WHAT IS REQUIRED >>
Could each entry be returned exactly as it appears?

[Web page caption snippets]

▼

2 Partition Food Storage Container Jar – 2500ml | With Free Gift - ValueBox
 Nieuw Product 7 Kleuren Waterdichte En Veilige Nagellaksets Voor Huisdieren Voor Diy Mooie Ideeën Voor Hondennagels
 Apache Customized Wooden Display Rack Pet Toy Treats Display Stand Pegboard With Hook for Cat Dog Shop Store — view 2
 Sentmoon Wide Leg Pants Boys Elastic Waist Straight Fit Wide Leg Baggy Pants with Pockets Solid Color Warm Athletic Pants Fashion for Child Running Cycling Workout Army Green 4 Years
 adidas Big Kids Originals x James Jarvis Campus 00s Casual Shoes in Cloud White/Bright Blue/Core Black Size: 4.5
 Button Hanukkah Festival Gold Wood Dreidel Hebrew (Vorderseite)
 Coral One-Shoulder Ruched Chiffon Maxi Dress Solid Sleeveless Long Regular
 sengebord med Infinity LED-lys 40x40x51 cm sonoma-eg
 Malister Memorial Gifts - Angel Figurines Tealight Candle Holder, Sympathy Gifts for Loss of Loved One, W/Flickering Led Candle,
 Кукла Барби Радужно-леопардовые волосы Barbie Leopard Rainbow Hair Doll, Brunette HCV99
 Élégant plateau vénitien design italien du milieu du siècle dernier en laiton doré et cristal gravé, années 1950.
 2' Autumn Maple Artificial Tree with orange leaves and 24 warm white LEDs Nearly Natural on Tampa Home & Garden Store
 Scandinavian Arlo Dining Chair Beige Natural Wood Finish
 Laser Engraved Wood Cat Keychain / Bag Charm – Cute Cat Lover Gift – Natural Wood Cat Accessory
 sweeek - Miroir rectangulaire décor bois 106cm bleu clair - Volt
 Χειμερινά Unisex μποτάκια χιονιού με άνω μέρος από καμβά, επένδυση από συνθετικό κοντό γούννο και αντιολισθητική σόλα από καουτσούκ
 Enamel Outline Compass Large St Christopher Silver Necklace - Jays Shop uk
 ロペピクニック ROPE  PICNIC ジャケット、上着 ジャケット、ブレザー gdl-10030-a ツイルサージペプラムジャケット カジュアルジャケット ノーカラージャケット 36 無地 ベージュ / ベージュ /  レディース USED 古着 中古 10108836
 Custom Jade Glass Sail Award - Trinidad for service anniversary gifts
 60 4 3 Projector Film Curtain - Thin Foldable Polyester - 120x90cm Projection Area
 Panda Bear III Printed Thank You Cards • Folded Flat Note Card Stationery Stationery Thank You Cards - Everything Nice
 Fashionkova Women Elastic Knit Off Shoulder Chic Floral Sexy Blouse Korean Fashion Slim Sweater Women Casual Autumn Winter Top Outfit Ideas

▲

TASK SOLUTION >>
2 Partition Food Storage Container Jar – 2500ml | With Free Gift - ValueBox
 Nieuw Product 7 Kleuren Waterdichte En Veilige Nagellaksets Voor Huisdieren Voor Diy Mooie Ideeën Voor Hondennagels
 Apache Customized Wooden Display Rack Pet Toy Treats Display Stand Pegboard With Hook for Cat Dog Shop Store — view 2
 Sentmoon Wide Leg Pants Boys Elastic Waist Straight Fit Wide Leg Baggy Pants with Pockets Solid Color Warm Athletic Pants Fashion for Child Running Cycling Workout Army Green 4 Years
 adidas Big Kids Originals x James Jarvis Campus 00s Casual Shoes in Cloud White/Bright Blue/Core Black Size: 4.5
 Button Hanukkah Festival Gold Wood Dreidel Hebrew (Vorderseite)
 Coral One-Shoulder Ruched Chiffon Maxi Dress Solid Sleeveless Long Regular
 sengebord med Infinity LED-lys 40x40x51 cm sonoma-eg
 Malister Memorial Gifts - Angel Figurines Tealight Candle Holder, Sympathy Gifts for Loss of Loved One, W/Flickering Led Candle,
 Кукла Барби Радужно-леопардовые волосы Barbie Leopard Rainbow Hair Doll, Brunette HCV99
 Élégant plateau vénitien design italien du milieu du siècle dernier en laiton doré et cristal gravé, années 1950.
 2' Autumn Maple Artificial Tree with orange leaves and 24 warm white LEDs Nearly Natural on Tampa Home & Garden Store
 Scandinavian Arlo Dining Chair Beige Natural Wood Finish
 Laser Engraved Wood Cat Keychain / Bag Charm – Cute Cat Lover Gift – Natural Wood Cat Accessory
 sweeek - Miroir rectangulaire décor bois 106cm bleu clair - Volt
 Χειμερινά Unisex μποτάκια χιονιού με άνω μέρος από καμβά, επένδυση από συνθετικό κοντό γούννο και αντιολισθητική σόλα από καουτσούκ
 Enamel Outline Compass Large St Christopher Silver Necklace - Jays Shop uk
 ロペピクニック ROPE  PICNIC ジャケット、上着 ジャケット、ブレザー gdl-10030-a ツイルサージペプラムジャケット カジュアルジャケット ノーカラージャケット 36 無地 ベージュ / ベージュ /  レディース USED 古着 中古 10108836
 Custom Jade Glass Sail Award - Trinidad for service anniversary gifts
 60 4 3 Projector Film Curtain - Thin Foldable Polyester - 120x90cm Projection Area
 Panda Bear III Printed Thank You Cards • Folded Flat Note Card Stationery Stationery Thank You Cards - Everything Nice
 Fashionkova Women Elastic Knit Off Shoulder Chic Floral Sexy Blouse Korean Fashion Slim Sweater Women Casual Autumn Winter Top Outfit Ideas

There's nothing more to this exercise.